BEVERLY, MA--(Marketwire -04/04/12)- Cellceutix Corporation (OTC.BB: CTIX.OB - News) (the "Company"), a biopharmaceutical company developing small molecule drugs to treat severe medical conditions, including drug-resistant cancers, is pleased to provide shareholders an update on developments with its novel anti-cancer compound Kevetrin™.
On Sunday, April 1, 2012, Cellceutix presented a poster on the potent anti-tumor effects in several wild type and mutant p53 human tumor xenografts at the American Association for Cancer Research (AACR) Annual Meeting in Chicago, IL. The poster, entitled "Kevetrin™ targets both MDM2-p53 and Rb-E2F pathways in tumor suppression," was well-received and sparked conversation with the world's leading biotechnology companies as they stopped to discuss the upcoming clinical trials for Kevetrin™ with Cellceutix Chief Scientific Officer Dr. Krishna Menon and other Cellceutix scientists. The poster is available for viewing at www.cellceutix.com.
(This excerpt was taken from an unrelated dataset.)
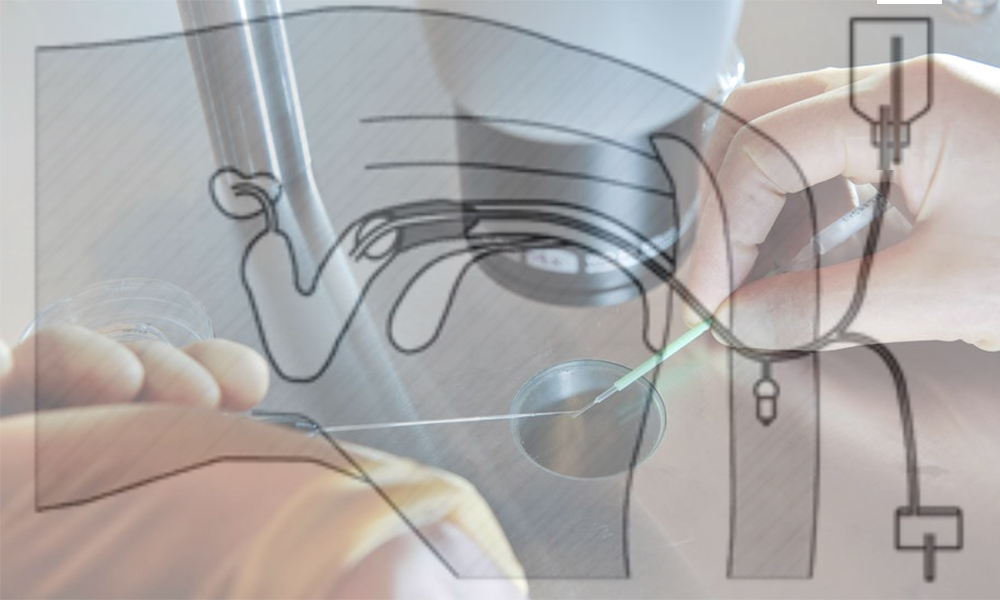 Embryotransfer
"Many of the representatives of major pharma companies that have spoken with us previously came to visit with us and get updated on Kevetrin's status," said Dr. Menon. "Others seemed surprised to find a small molecule with such multi-faceted effects on cancers of various types. I was enthused to have engaged with so many bright minds from such diverse backgrounds and to have the opportunity to present our new findings on Kevetrin™ at the AACR meeting again."
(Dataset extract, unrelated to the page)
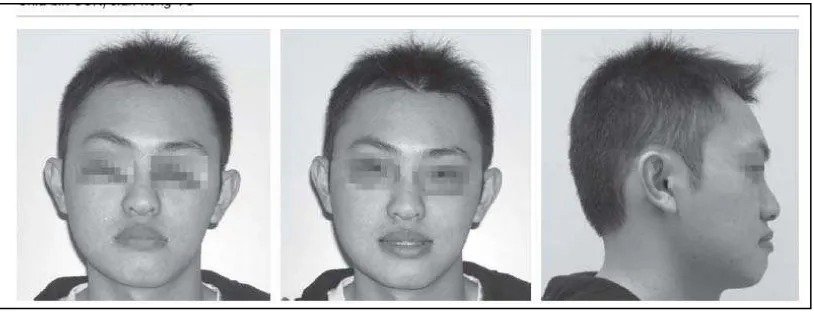 Gambar 1. Asimetri wajah pada pasien gigitan terbalik anterior maloklusi Klas III  14 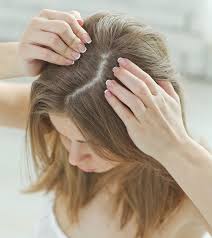 Your style of hair can cause hair loss when your hair is arranged in ways that pull on your roots, like tight ponytails, braids, or corn rows. Does Diabetes Cause Hair Loss Causes Treatment And Prevention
Additionally, Cellceutix has been informed that everything is on schedule with the quality control (QC) and stability studies on Kevetrin™ required for the upcoming clinical trial. The Company anticipates the QC and stability study reports to be completed at the end of April at which time the data will be included in the amended Investigational New Drug application which will be filed with the U.S. Food and Drug Administration.
Chief Executive Officer Leo Ehrlich commented, "Everything is right on track and the day of clinical trial commencement is approaching. Although there was a mild delay, the bottom line is that we have built a strong name for Cellceutix and Kevetrin™; are slated to sponsor our clinical trials at the world's most prestigious cancer research hospital; and are being engaged by some of the biggest names in biotechnology today. Cellceutix shareholders should look forward to what we anticipate will be an exciting year."
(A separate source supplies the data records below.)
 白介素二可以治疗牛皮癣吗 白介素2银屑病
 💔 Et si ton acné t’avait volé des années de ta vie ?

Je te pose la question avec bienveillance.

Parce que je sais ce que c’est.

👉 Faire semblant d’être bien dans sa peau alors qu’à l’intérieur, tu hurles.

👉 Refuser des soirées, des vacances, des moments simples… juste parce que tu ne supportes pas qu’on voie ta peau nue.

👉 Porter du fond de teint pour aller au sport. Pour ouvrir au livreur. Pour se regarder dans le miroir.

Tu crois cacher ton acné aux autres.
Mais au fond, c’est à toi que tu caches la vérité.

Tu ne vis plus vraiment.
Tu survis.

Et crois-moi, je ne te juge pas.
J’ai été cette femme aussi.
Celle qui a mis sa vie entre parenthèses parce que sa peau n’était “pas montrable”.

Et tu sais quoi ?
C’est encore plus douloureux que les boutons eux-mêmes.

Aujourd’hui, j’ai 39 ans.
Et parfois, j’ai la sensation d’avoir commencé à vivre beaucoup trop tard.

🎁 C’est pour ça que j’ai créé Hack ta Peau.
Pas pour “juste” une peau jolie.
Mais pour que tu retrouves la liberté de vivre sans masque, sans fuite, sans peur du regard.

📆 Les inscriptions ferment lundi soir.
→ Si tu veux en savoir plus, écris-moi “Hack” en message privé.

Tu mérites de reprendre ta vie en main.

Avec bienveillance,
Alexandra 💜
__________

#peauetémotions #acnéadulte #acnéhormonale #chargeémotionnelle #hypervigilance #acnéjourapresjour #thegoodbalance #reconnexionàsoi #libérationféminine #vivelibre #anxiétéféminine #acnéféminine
Cellceutix Corporation is presently a preclinical drug developer. Cellceutix owns the rights to eight drug compounds, including Kevetrin, which it is developing as a treatment for cancers; KM-133, for the treatment of psoriasis; and KM-391, for the treatment of autism. More information is available on the Cellceutix web site at www.cellceutix.com.
Cautionary Statement Regarding Forward-Looking Statements
This press release contains forward-looking statements that reflect the Company's current expectation regarding future events. Actual events could differ materially and substantially from those projected herein and depend on a number of factors. Certain statements in this release, and other written or oral statements made by Cellceutix Corporation are "forward-looking statements" within the meaning of Section 27A of the Securities Act of 1933 and Section 21E of the Securities Exchange Act of 1934. You should not place undue reliance on forward-looking statements since they involve known and unknown risks, uncertainties and other factors which are, in some cases, beyond the Company's control and which could, and likely will, materially affect actual results, levels of activity, performance or achievements. The Company assumes no obligation to publicly update or revise these forward-looking statements for any reason, or to update the reasons actual results could differ materially from those anticipated in these forward-looking statements, even if new information becomes available in the future. Important factors that could cause actual results to differ materially from the company's expectations include, but are not limited to, those factors that are disclosed under the heading "Risk Factors" and elsewhere in documents filed by the company from time to time with the United States Securities and Exchange Commission and other regulatory authorities.